It then remains for you to demonstrate that you know enough about anthropology to make a commitment to it, and that you will be highly successful in graduate-level anthropology courses.  One way to do this is to take some further anthropology courses as a post-graduate (5th year) student during the coming summer and fall, and to apply to graduate programs for admission one year after your BA degree.  

Also, if you are planning for a PhD, then taking a general anthropology master’s program first, where you can demonstrate your academic success, may be a good route.  In this case you probably should favor a generalized master’s degree rather than a specialized, professionalizing master’s program.

6.  Do undergraduate applicants have publications?

 See question 2 above.

 7.  What are the best strategies for choosing a graduate program?

In general, look for some degree of alignment between your interest areas and the courses and research specialties of the faculty.  Even more important is how well you “click” with those faculty members who share your interests.  

  • Check out the websites of those programs in which you are interested.  Anthropology department websites provide considerable insight into the people, scope, and requirements of applied programs.  The philosophy, areas of concentration, research interests, and courses are listed.  The work of departmental members, including students or recent graduates, may be featured and often enhanced through photos or video clips.  Departmental newsletters and current events may be posted. 
  • Conduct some informational interviews.  Interviews with faculty and students can be used to confirm what was learned from their website and to gather additional information.  Questions can be posed about such matters as program structure, expectations, work load, graduation rates, and post-graduation job placement.  These conversations can reveal how much energy and enthusiasm permeate the program, the likelihood that solid working relationships can be formed, and the extent to which departmental members share common interests. 
  • Visit your top choice department(s).  Finding a good “fit” between you and the program is the goal.  That can be done most effectively by traveling to a campus and meeting with faculty, staff, and graduate students face to face.  Such visits will give you a chance to see people in their context, chat with them informally, gauge your level of interest in them, their working styles, and their projects, experience the culture of the departments first hand, and confirm your impressions. However, not all departments are set up to receive visits from applicants; check the policies for the specific campuses that interest you.
  • Use mentors as a sounding board.  Talk to your mentors about your goals and about what you have learned from your graduate program search.  Get their reactions to your descriptions of the campus visits you have made.   Some guidance from mentors is likely to be helpful in sorting out your priorities.   
  • Understand alumni networks. As mentioned in previous comments, departments that are serious about maintaining strong connections with their alumni have active alumni networks. It demonstrates a faculty’s commitment to their students, even after students have left the program. Alumni are often important in linking new graduates to employment opportunities and to mentor their transition to professional work. These networks should also be able to enlighten you about their particular programs.

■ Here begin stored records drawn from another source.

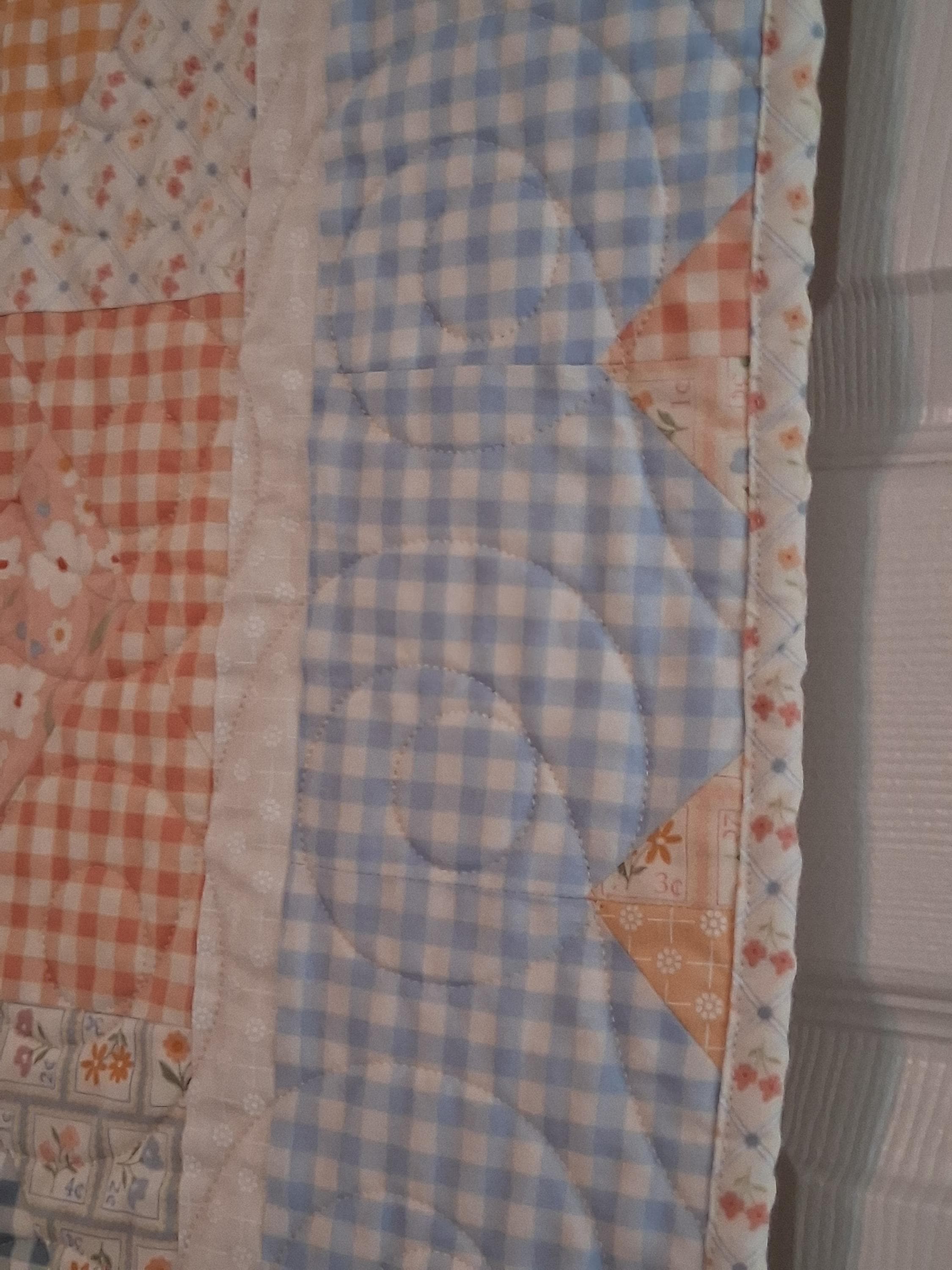 Delicate Heart Handmade Baby Quilt 100% Cotton Fabric (50" x 50") (Blue)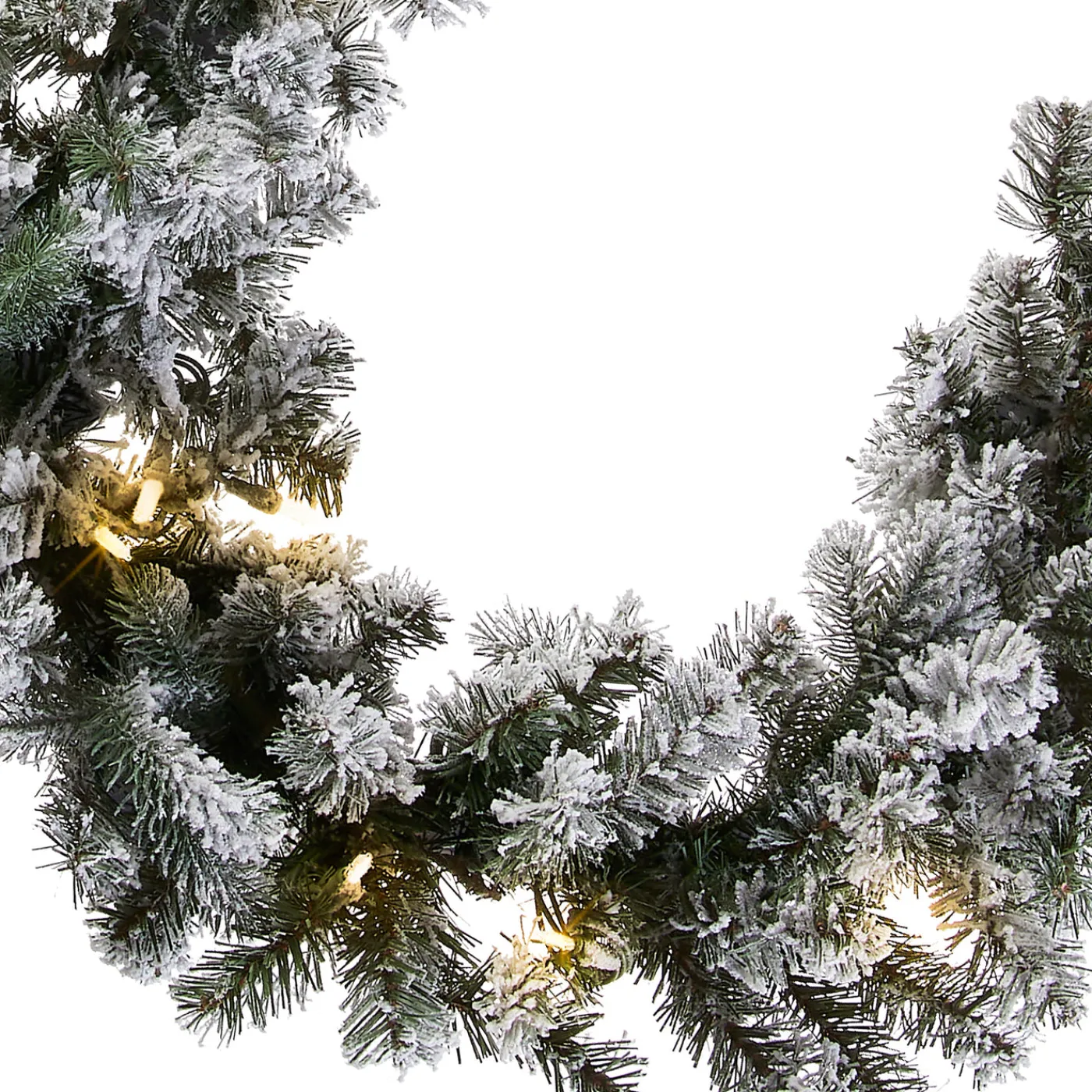 National Tree Company 9 ft. Pre-Lit Snowy Camden Garland with Clear Lights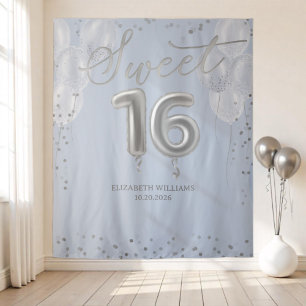Silver Foil Sweet 16 Balloons Blue Backdrop Tapestry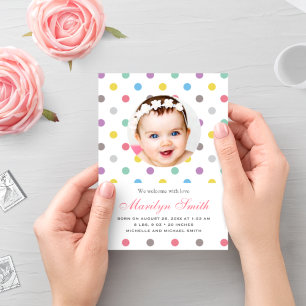 Farbenfrohe Polka Dots Foto Geburtsankündigung Ankündigung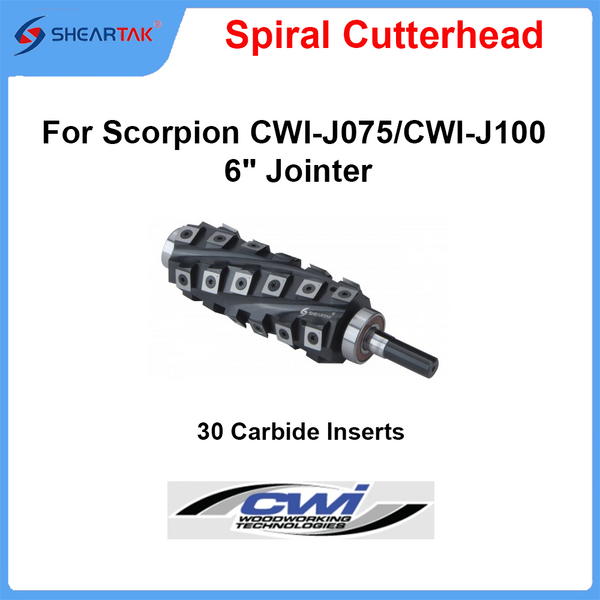 Spiral Cutterhead for Scorpion CWI-J075/CWI-J100 6" Jointer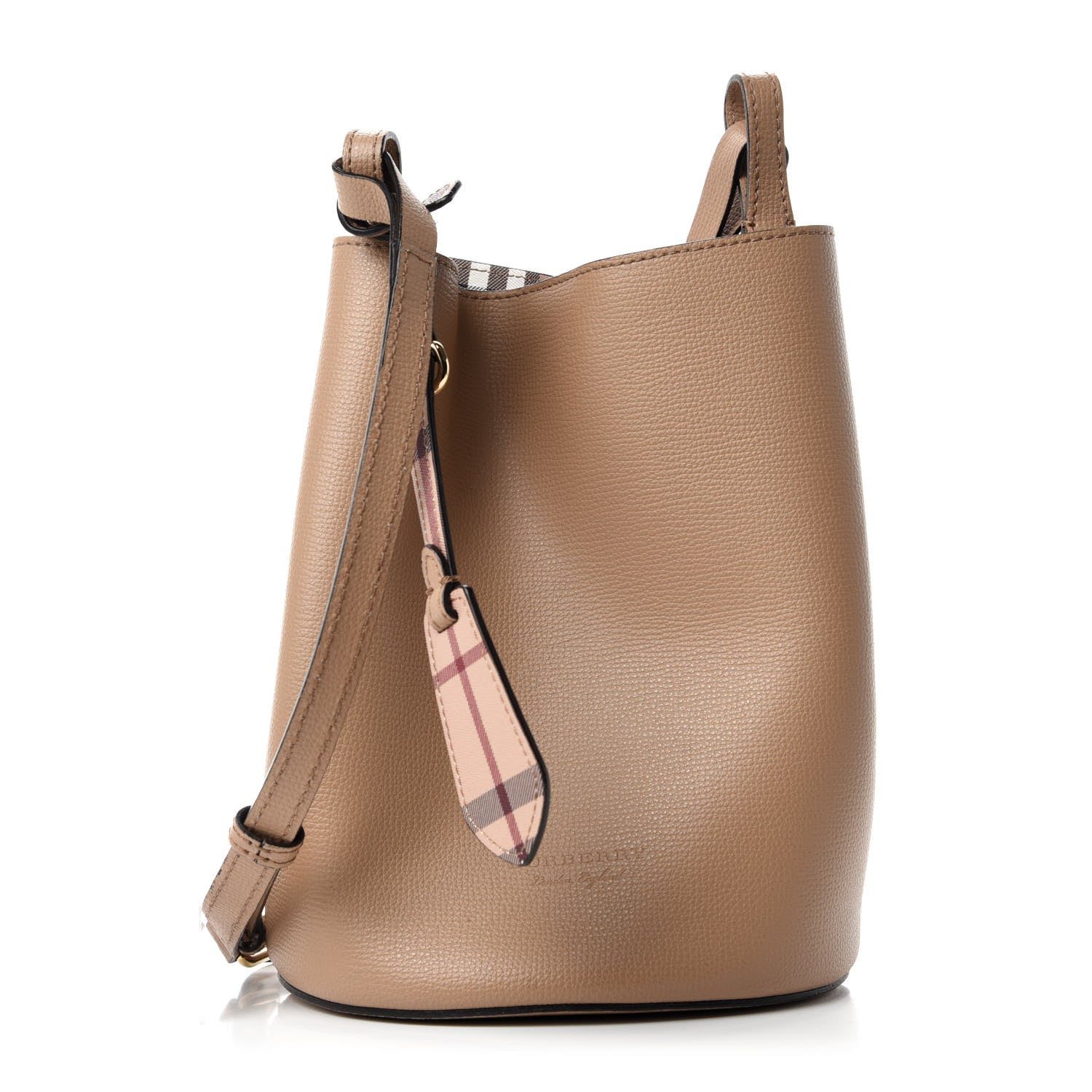 Burberry Calfskin Small Lorne Bucket Crossbody Natural 1 of 9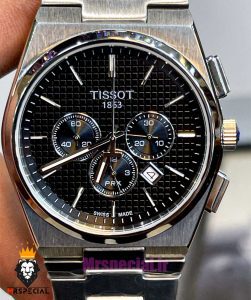 ساعت تیسوت مردانه مدل پی ار ایکس استیل کرنوگراف صفحه مشکی 021399 TISSOT PRX 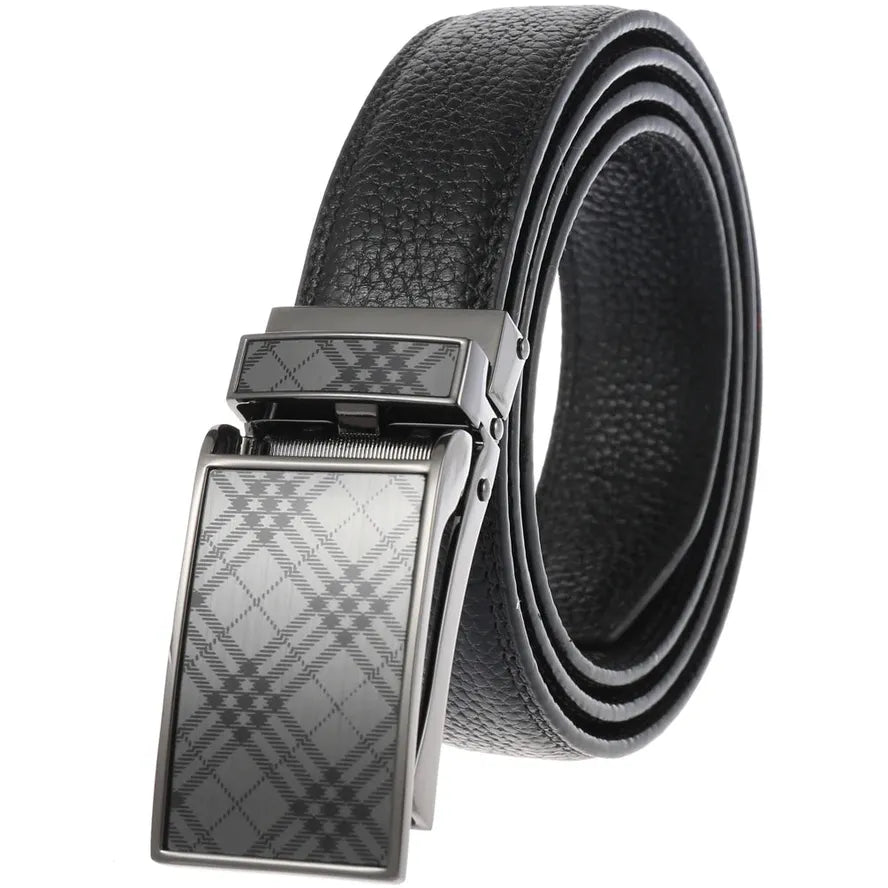 HKM-216531 Men's Automatic Buckle Business Belt - 3.1cm Width, Model LY33-30015-5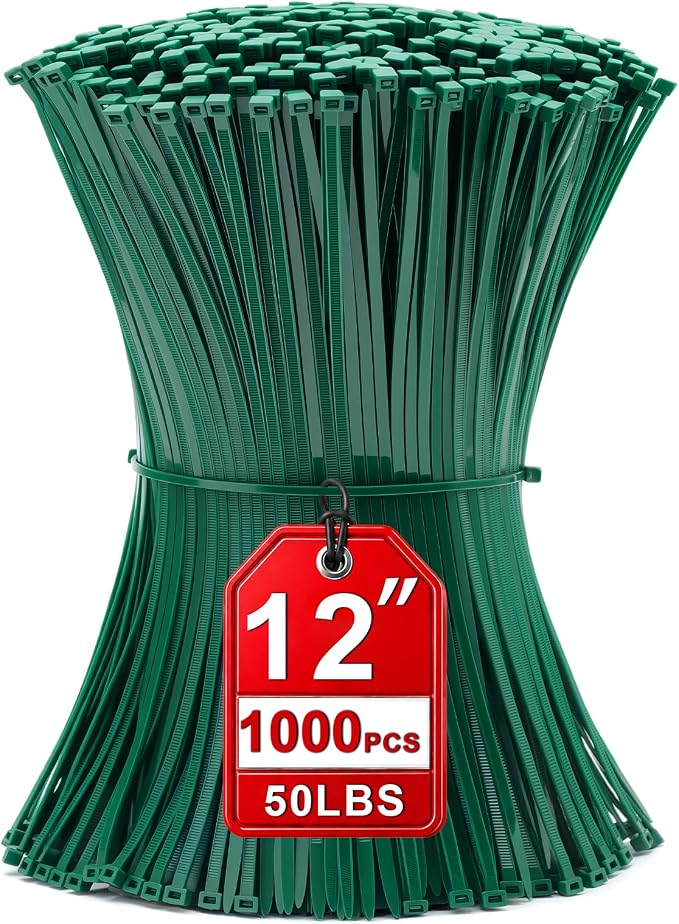Zip Ties 12 inch, 1000 Pack Green Zip Ties,Green Cable Ties Self-Locking Nylon Cable Ties with 50 lb Tensile Strength,Wire Ties for indoor and outdoor use.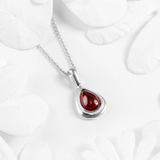 Henryka Classic Teardrop Necklace in Silver and Garnet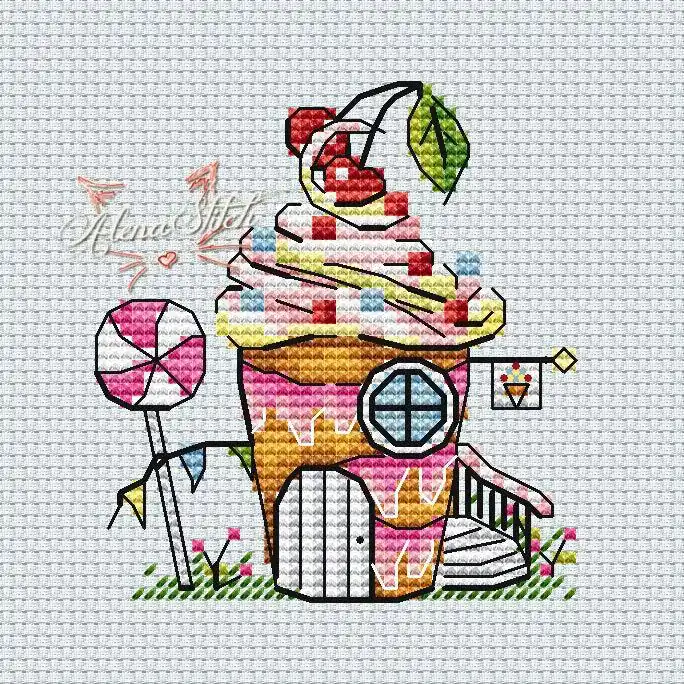 Ice cream - PDF Cross Stitch Pattern Free Shipping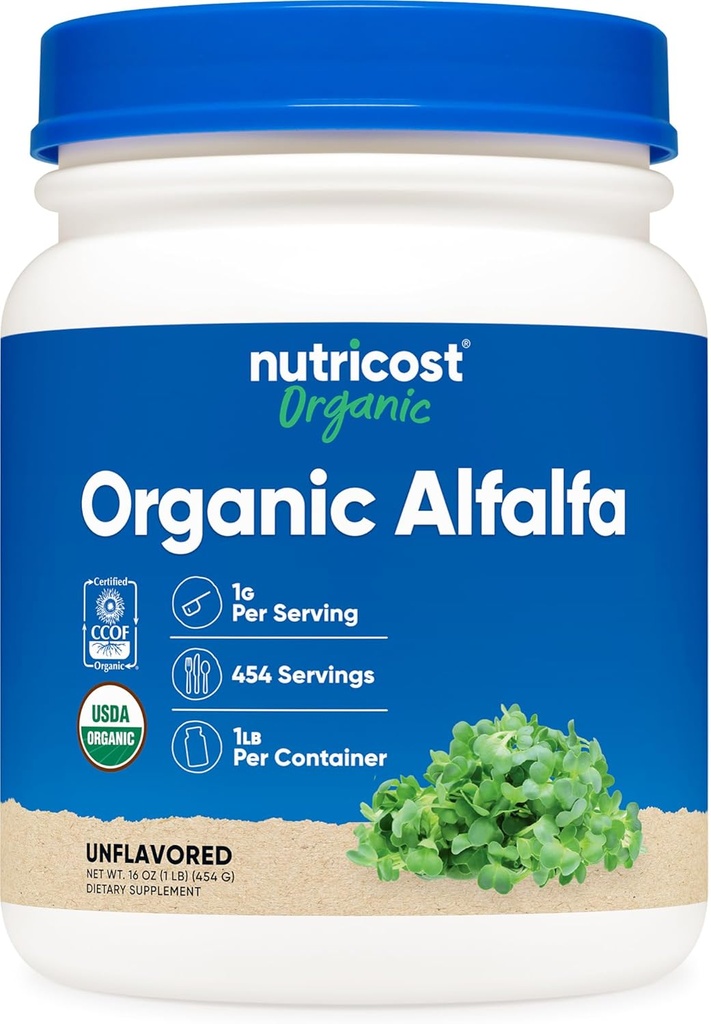 [BRSWGAY3OJ5QMA3H] Nutricost Organic Alfalfa Powder 1LB - USDA Certified 100% Organic, Vegetarian, Non-GMO, Gluten Free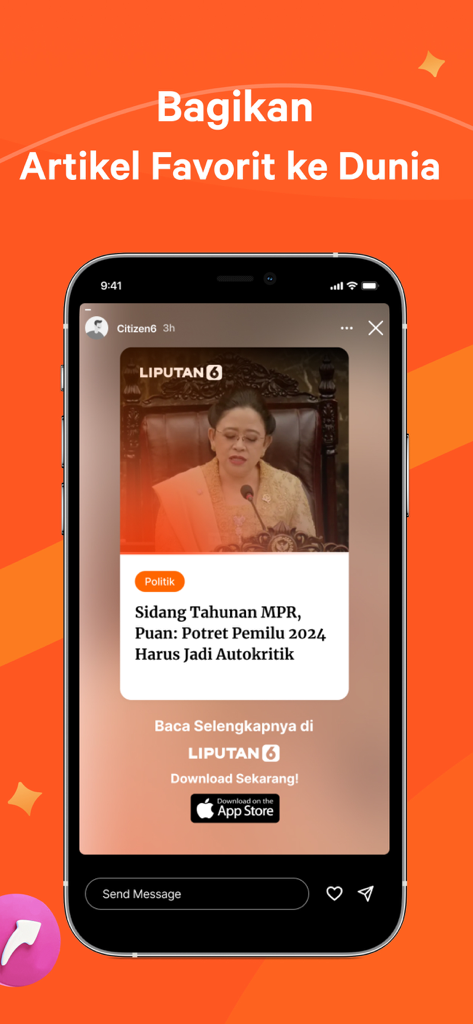 Liputan6.com - Berita Terkini - A smartphone screen showing a Liputan6.com news story in a visual story format with a prompt to share articles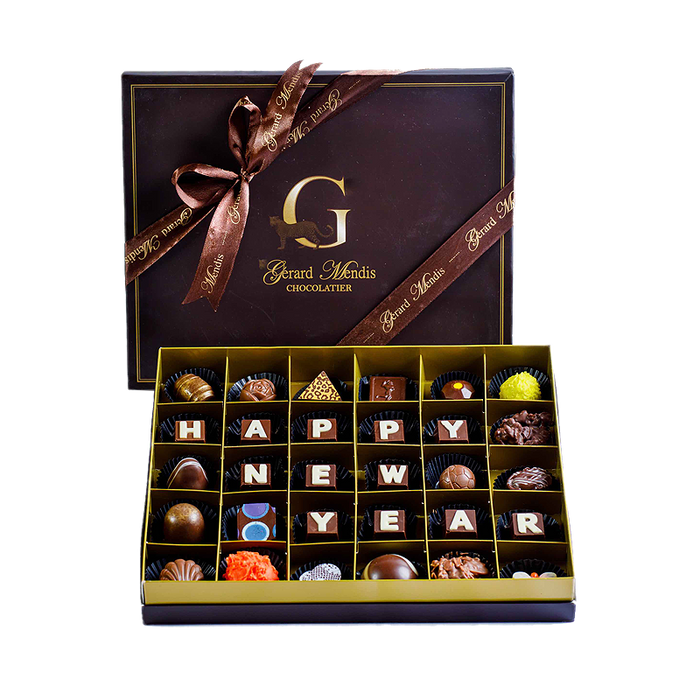 HAPPY NEW YEAR, CHIC PAPERBOARD 30 PIECE CHOCOLATE BOX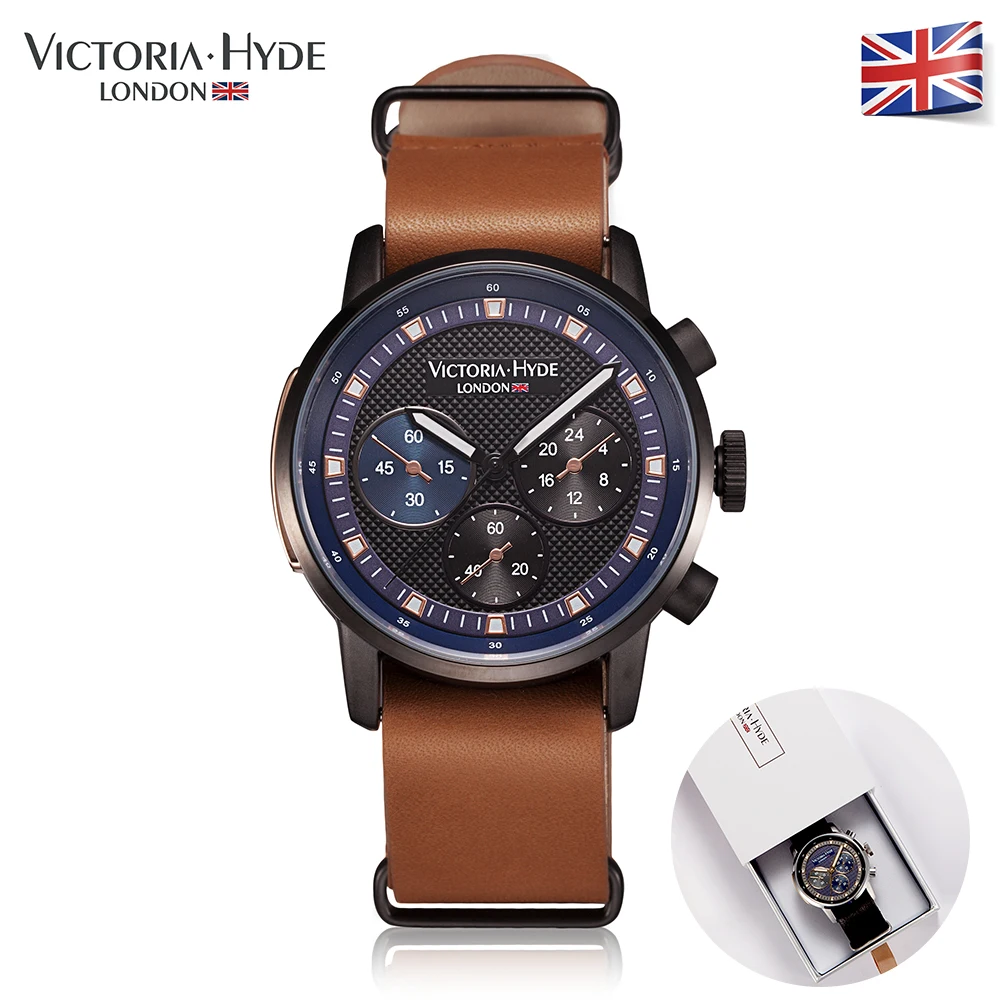 Victoria Hyde Genuine Leather Mens Sports Watches 3ATM Waterproof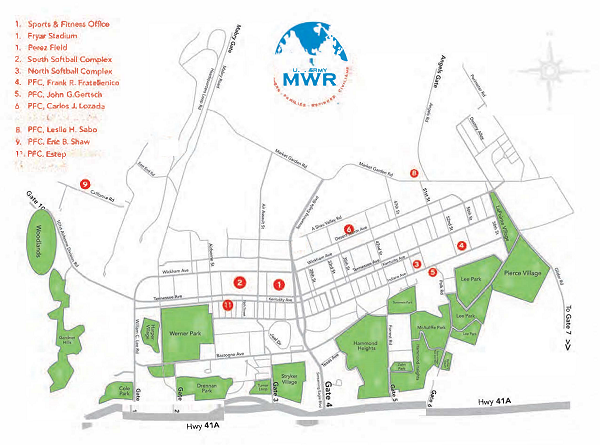 Fort Campbell Physical Fitness Center Map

8.  Can I pursue anthropology graduate study part time?

Virtually all MA programs and some PhD programs accommodate different academic and financial models and incorporate both full time and part time students.

However, highly selective PhD programs are predicated on full time study.  The benefits of the students’ undivided intellectual exploration of the discipline, and the need to move through what is already a program lasting many years, preclude having some students progressing at part time speed.   Financial support for these programs’ students assumes full time study as the standard.

9.  Is there financial aid for anthropology graduate students?

For students in masters’ programs, practitioner or general, financial support, other than perhaps university loans or work study, is uncommon.

Highly selective PhD programs try to admit the number of students equal to the number of support sources at their disposal.  Assuming good performance, in these programs a student can expect (though it is not guaranteed) that there will be support (tuition plus modest living costs) in each fall and spring semester of the three years of pre-dissertation coursework.  Commonly, these will be teaching assistantships and research assistantships that entail work and time obligations.  After three years, the student is expected to secure external grant funding for her/his dissertation project and hopefully the write-up year that follows.  Alternatively, senior professors often have funded research grants that will support dissertation and write-up years for students studying under their supervision.

Some very selective PhD programs, however, do not provide financial support to their first year graduate students, restricting their support to students after they have “proven” themselves and are allowed to continue to the second year.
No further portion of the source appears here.